Your instructions ▸
In this exercise, the entries below are to be transcribed exactly, line by line.

Dataset excerpts
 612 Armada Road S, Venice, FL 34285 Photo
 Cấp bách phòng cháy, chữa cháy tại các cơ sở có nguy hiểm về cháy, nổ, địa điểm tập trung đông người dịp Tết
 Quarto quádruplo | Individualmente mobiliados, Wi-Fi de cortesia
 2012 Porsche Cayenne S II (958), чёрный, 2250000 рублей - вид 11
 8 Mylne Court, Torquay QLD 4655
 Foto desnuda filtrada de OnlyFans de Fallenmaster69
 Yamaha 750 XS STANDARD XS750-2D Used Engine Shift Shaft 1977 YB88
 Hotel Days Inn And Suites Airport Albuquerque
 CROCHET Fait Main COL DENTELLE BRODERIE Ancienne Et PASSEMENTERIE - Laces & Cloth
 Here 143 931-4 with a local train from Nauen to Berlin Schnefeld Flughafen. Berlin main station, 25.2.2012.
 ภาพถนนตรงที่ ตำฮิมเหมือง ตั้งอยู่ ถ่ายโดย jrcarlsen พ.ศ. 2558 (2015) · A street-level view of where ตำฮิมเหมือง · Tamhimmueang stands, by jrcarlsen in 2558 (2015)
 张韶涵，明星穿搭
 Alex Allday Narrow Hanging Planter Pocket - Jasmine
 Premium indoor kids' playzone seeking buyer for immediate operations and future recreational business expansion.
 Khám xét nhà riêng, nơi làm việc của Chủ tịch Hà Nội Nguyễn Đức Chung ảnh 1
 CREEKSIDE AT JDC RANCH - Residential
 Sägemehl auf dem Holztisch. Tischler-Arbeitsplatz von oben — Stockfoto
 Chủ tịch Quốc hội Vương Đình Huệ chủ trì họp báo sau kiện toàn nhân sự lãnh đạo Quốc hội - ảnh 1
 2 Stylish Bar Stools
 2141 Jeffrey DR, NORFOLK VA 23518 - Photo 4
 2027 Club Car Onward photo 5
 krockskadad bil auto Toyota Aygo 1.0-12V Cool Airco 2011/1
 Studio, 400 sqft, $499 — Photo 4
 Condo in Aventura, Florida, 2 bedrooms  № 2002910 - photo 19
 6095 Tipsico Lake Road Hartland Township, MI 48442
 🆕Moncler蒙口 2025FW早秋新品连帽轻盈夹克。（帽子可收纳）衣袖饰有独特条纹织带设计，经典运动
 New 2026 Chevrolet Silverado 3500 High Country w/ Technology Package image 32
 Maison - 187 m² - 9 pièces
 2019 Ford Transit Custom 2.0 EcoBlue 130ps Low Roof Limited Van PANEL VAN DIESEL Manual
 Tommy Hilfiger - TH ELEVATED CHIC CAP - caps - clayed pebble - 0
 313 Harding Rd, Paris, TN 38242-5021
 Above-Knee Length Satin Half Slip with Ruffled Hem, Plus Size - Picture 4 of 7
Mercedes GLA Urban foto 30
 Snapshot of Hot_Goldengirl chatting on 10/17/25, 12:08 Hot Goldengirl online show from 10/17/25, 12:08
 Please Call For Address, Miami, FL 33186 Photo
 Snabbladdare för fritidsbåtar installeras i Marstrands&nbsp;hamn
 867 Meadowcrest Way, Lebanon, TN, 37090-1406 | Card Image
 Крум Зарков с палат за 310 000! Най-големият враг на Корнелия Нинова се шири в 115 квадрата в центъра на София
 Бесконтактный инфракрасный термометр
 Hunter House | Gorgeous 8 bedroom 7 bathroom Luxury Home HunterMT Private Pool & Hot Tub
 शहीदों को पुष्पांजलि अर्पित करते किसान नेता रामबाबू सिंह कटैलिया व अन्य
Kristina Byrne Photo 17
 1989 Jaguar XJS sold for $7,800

Solution to the exercise ▸
 612 Armada Road S, Venice, FL 34285 Photo
 Cấp bách phòng cháy, chữa cháy tại các cơ sở có nguy hiểm về cháy, nổ, địa điểm tập trung đông người dịp Tết
 Quarto quádruplo | Individualmente mobiliados, Wi-Fi de cortesia
 2012 Porsche Cayenne S II (958), чёрный, 2250000 рублей - вид 11
 8 Mylne Court, Torquay QLD 4655
 Foto desnuda filtrada de OnlyFans de Fallenmaster69
 Yamaha 750 XS STANDARD XS750-2D Used Engine Shift Shaft 1977 YB88
 Hotel Days Inn And Suites Airport Albuquerque
 CROCHET Fait Main COL DENTELLE BRODERIE Ancienne Et PASSEMENTERIE - Laces & Cloth
 Here 143 931-4 with a local train from Nauen to Berlin Schnefeld Flughafen. Berlin main station, 25.2.2012.
 ภาพถนนตรงที่ ตำฮิมเหมือง ตั้งอยู่ ถ่ายโดย jrcarlsen พ.ศ. 2558 (2015) · A street-level view of where ตำฮิมเหมือง · Tamhimmueang stands, by jrcarlsen in 2558 (2015)
 张韶涵，明星穿搭
 Alex Allday Narrow Hanging Planter Pocket - Jasmine
 Premium indoor kids' playzone seeking buyer for immediate operations and future recreational business expansion.
 Khám xét nhà riêng, nơi làm việc của Chủ tịch Hà Nội Nguyễn Đức Chung ảnh 1
 CREEKSIDE AT JDC RANCH - Residential
 Sägemehl auf dem Holztisch. Tischler-Arbeitsplatz von oben — Stockfoto
 Chủ tịch Quốc hội Vương Đình Huệ chủ trì họp báo sau kiện toàn nhân sự lãnh đạo Quốc hội - ảnh 1
 2 Stylish Bar Stools
 2141 Jeffrey DR, NORFOLK VA 23518 - Photo 4
 2027 Club Car Onward photo 5
 krockskadad bil auto Toyota Aygo 1.0-12V Cool Airco 2011/1
 Studio, 400 sqft, $499 — Photo 4
 Condo in Aventura, Florida, 2 bedrooms  № 2002910 - photo 19
 6095 Tipsico Lake Road Hartland Township, MI 48442
 🆕Moncler蒙口 2025FW早秋新品连帽轻盈夹克。（帽子可收纳）衣袖饰有独特条纹织带设计，经典运动
 New 2026 Chevrolet Silverado 3500 High Country w/ Technology Package image 32
 Maison - 187 m² - 9 pièces
 2019 Ford Transit Custom 2.0 EcoBlue 130ps Low Roof Limited Van PANEL VAN DIESEL Manual
 Tommy Hilfiger - TH ELEVATED CHIC CAP - caps - clayed pebble - 0
 313 Harding Rd, Paris, TN 38242-5021
 Above-Knee Length Satin Half Slip with Ruffled Hem, Plus Size - Picture 4 of 7
Mercedes GLA Urban foto 30
 Snapshot of Hot_Goldengirl chatting on 10/17/25, 12:08 Hot Goldengirl online show from 10/17/25, 12:08
 Please Call For Address, Miami, FL 33186 Photo
 Snabbladdare för fritidsbåtar installeras i Marstrands&nbsp;hamn
 867 Meadowcrest Way, Lebanon, TN, 37090-1406 | Card Image
 Крум Зарков с палат за 310 000! Най-големият враг на Корнелия Нинова се шири в 115 квадрата в центъра на София
 Бесконтактный инфракрасный термометр
 Hunter House | Gorgeous 8 bedroom 7 bathroom Luxury Home HunterMT Private Pool & Hot Tub
 शहीदों को पुष्पांजलि अर्पित करते किसान नेता रामबाबू सिंह कटैलिया व अन्य
Kristina Byrne Photo 17
 1989 Jaguar XJS sold for $7,800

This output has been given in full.